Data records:

..............................

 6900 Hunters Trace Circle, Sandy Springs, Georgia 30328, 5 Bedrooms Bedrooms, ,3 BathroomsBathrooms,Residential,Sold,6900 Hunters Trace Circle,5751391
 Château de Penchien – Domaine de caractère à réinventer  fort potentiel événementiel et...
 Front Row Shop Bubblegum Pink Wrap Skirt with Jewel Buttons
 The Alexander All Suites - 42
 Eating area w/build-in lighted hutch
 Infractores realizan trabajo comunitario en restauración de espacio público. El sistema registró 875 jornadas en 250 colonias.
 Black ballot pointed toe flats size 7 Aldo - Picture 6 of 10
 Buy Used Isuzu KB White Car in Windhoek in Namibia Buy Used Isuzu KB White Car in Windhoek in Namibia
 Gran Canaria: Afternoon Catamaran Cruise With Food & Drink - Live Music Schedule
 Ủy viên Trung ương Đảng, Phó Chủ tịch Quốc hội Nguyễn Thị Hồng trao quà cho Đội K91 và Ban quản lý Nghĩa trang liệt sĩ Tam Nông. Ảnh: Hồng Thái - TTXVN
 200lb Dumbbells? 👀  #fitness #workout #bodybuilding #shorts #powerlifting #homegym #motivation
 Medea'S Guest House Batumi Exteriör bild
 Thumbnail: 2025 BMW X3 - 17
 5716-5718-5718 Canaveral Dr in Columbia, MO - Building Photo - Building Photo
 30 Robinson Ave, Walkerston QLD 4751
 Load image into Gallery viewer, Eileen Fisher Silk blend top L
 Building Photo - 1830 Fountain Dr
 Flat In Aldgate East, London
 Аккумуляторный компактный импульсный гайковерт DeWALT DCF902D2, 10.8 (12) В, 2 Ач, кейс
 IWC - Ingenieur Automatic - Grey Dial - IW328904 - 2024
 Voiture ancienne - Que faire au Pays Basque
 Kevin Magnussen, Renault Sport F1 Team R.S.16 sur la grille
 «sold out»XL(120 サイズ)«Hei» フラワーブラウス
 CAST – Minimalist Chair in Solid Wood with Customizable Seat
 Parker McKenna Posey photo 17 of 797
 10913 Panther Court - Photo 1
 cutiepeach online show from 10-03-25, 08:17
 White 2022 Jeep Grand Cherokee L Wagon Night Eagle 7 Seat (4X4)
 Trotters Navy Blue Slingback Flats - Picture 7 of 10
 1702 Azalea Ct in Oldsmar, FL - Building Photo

..............................

AIM OF THE TASK: Scan the lines above for "The Alexander All Suites - 42" and for "Flat In Aldgate East, London". Repeat exactly the line holding each of them and every line in between.

WRITTEN SOLUTION:
 The Alexander All Suites - 42
 Eating area w/build-in lighted hutch
 Infractores realizan trabajo comunitario en restauración de espacio público. El sistema registró 875 jornadas en 250 colonias.
 Black ballot pointed toe flats size 7 Aldo - Picture 6 of 10
 Buy Used Isuzu KB White Car in Windhoek in Namibia Buy Used Isuzu KB White Car in Windhoek in Namibia
 Gran Canaria: Afternoon Catamaran Cruise With Food & Drink - Live Music Schedule
 Ủy viên Trung ương Đảng, Phó Chủ tịch Quốc hội Nguyễn Thị Hồng trao quà cho Đội K91 và Ban quản lý Nghĩa trang liệt sĩ Tam Nông. Ảnh: Hồng Thái - TTXVN
 200lb Dumbbells? 👀  #fitness #workout #bodybuilding #shorts #powerlifting #homegym #motivation
 Medea'S Guest House Batumi Exteriör bild
 Thumbnail: 2025 BMW X3 - 17
 5716-5718-5718 Canaveral Dr in Columbia, MO - Building Photo - Building Photo
 30 Robinson Ave, Walkerston QLD 4751
 Load image into Gallery viewer, Eileen Fisher Silk blend top L
 Building Photo - 1830 Fountain Dr
 Flat In Aldgate East, London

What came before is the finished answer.